WORK TO BE COMPLETED:
Output the full listing below exactly.

INPUT DATA:
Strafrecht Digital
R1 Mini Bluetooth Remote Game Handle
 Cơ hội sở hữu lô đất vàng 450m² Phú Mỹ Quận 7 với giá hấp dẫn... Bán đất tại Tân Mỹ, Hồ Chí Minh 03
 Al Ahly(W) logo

FINISHED TASK:
Strafrecht Digital
R1 Mini Bluetooth Remote Game Handle
 Cơ hội sở hữu lô đất vàng 450m² Phú Mỹ Quận 7 với giá hấp dẫn... Bán đất tại Tân Mỹ, Hồ Chí Minh 03
 Al Ahly(W) logo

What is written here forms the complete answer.